Reproduce word for word, from the entries below, the line with "Hello, everyone. In", the line with "There is more", and every line between them, and nothing more.

=== EXTRACTED ENTRIES ===

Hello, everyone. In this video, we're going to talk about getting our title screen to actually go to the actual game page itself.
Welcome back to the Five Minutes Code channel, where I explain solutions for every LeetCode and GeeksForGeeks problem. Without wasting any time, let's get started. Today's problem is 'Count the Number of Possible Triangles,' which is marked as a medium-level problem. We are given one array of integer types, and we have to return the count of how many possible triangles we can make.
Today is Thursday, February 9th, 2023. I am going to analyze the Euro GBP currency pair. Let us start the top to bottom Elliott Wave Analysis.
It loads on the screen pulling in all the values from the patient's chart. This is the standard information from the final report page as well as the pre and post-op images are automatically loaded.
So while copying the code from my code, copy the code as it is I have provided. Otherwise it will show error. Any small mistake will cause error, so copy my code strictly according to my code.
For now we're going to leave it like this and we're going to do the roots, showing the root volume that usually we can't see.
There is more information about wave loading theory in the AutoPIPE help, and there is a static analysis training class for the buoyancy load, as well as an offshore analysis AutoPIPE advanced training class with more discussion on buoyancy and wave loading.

===
=== EXTRACTED ENTRIES ===

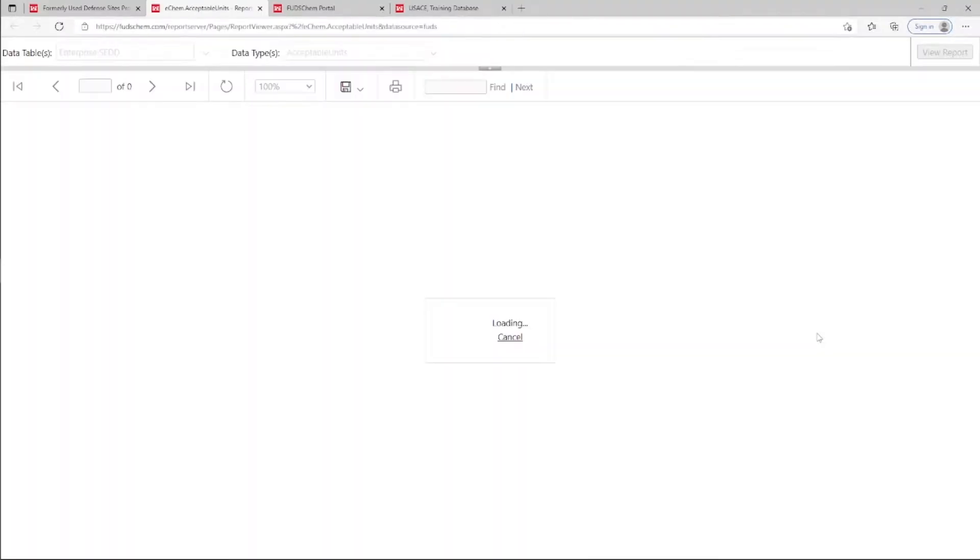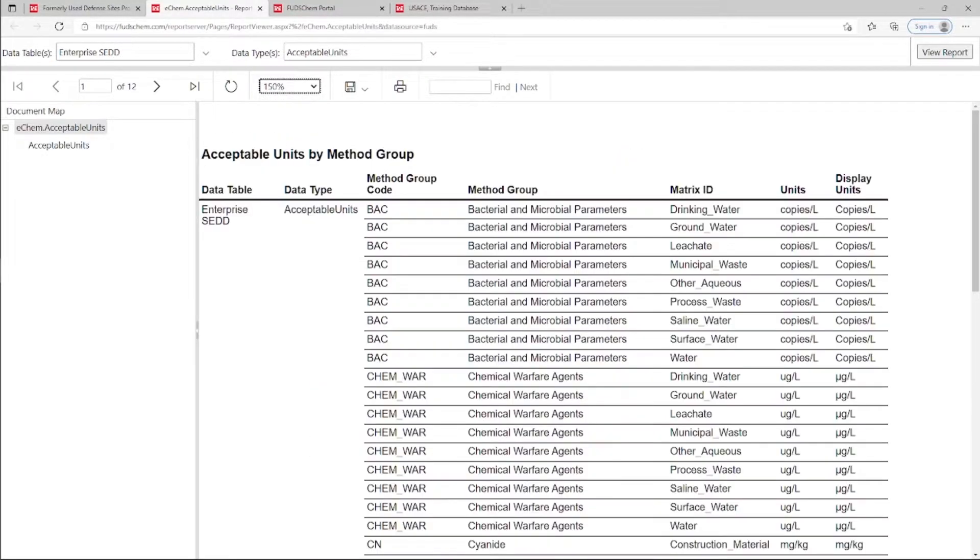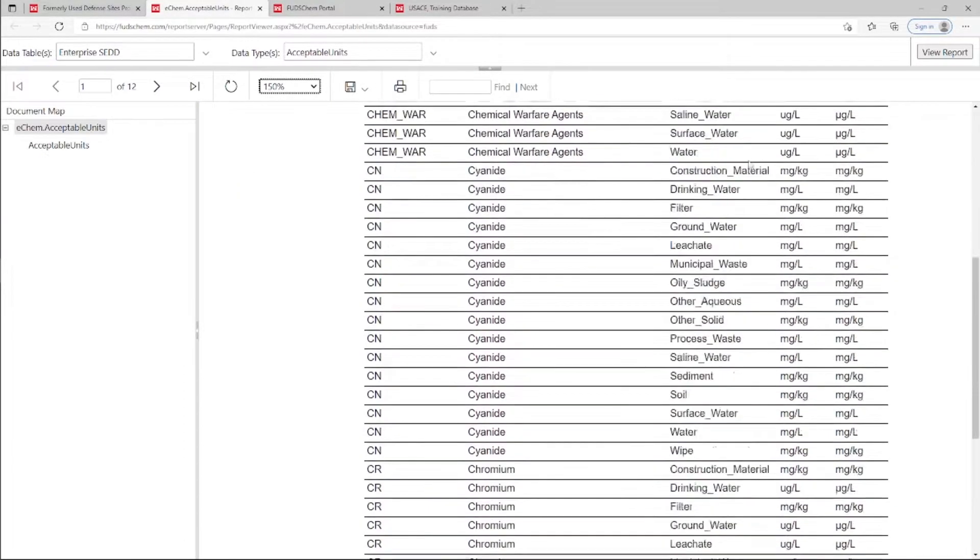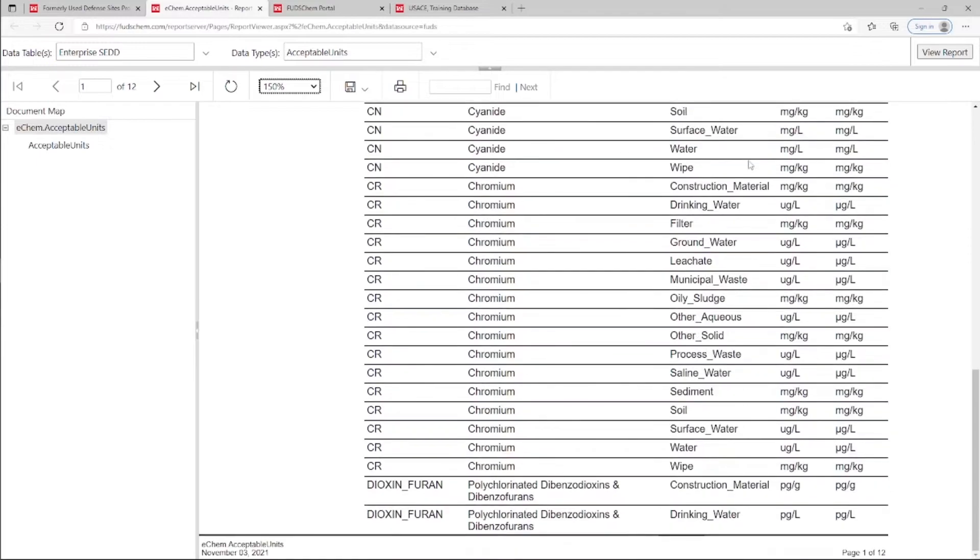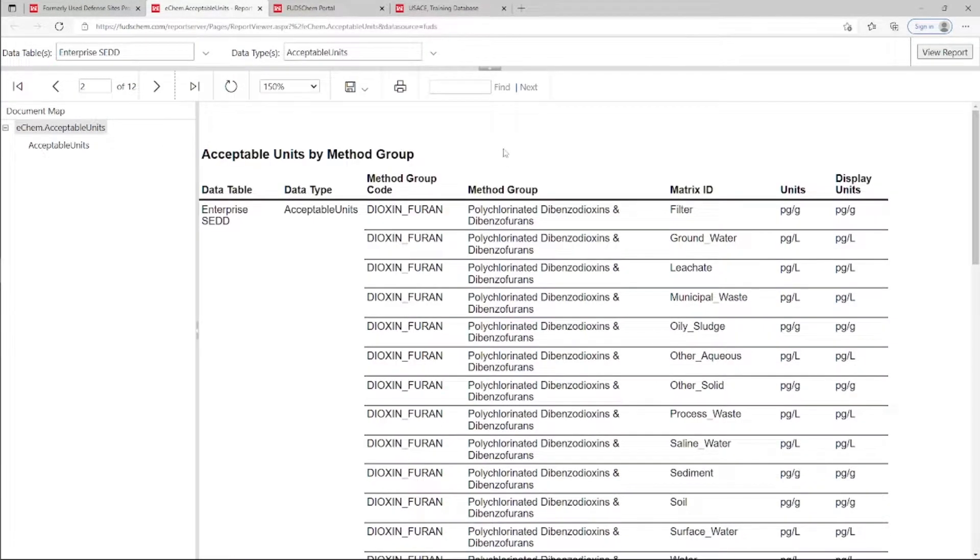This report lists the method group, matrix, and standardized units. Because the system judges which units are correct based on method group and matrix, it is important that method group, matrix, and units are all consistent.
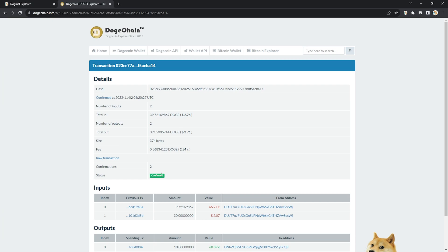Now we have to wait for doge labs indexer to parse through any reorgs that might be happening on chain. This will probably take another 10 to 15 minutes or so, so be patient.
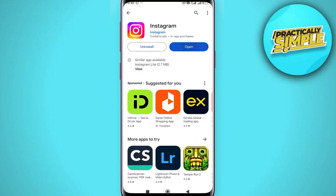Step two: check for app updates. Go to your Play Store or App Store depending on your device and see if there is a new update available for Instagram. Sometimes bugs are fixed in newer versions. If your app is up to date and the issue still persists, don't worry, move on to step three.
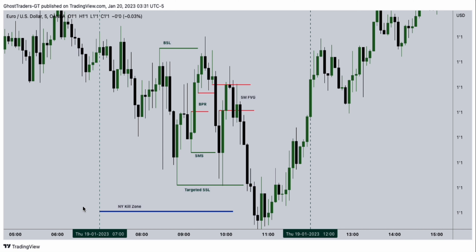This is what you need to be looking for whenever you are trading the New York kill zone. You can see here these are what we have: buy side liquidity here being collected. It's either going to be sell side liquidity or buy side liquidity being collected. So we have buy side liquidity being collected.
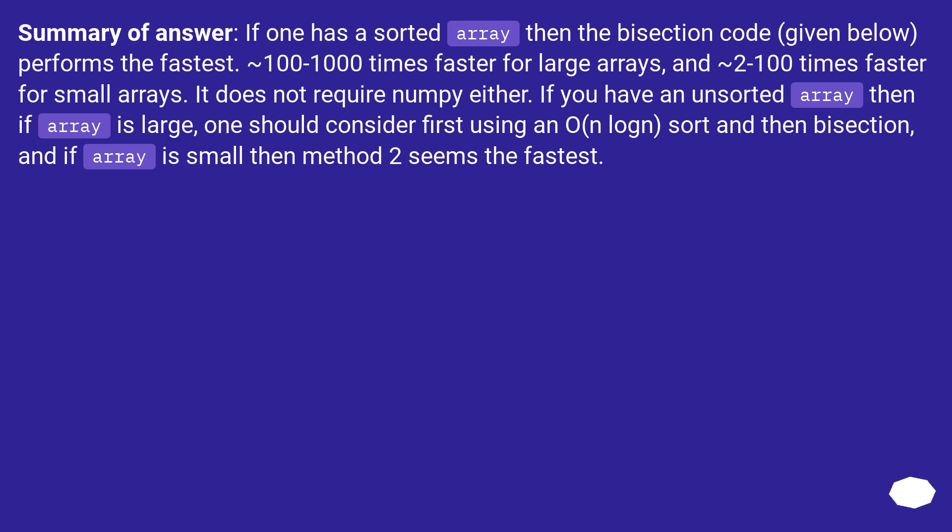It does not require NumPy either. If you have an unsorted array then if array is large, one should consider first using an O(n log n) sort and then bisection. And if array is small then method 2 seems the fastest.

===

ANSWER SPACE ▸
Hello, everyone. In this video, we're going to talk about getting our title screen to actually go to the actual game page itself.
Welcome back to the Five Minutes Code channel, where I explain solutions for every LeetCode and GeeksForGeeks problem. Without wasting any time, let's get started. Today's problem is 'Count the Number of Possible Triangles,' which is marked as a medium-level problem. We are given one array of integer types, and we have to return the count of how many possible triangles we can make.
Today is Thursday, February 9th, 2023. I am going to analyze the Euro GBP currency pair. Let us start the top to bottom Elliott Wave Analysis.
It loads on the screen pulling in all the values from the patient's chart. This is the standard information from the final report page as well as the pre and post-op images are automatically loaded.
So while copying the code from my code, copy the code as it is I have provided. Otherwise it will show error. Any small mistake will cause error, so copy my code strictly according to my code.
For now we're going to leave it like this and we're going to do the roots, showing the root volume that usually we can't see.
There is more information about wave loading theory in the AutoPIPE help, and there is a static analysis training class for the buoyancy load, as well as an offshore analysis AutoPIPE advanced training class with more discussion on buoyancy and wave loading.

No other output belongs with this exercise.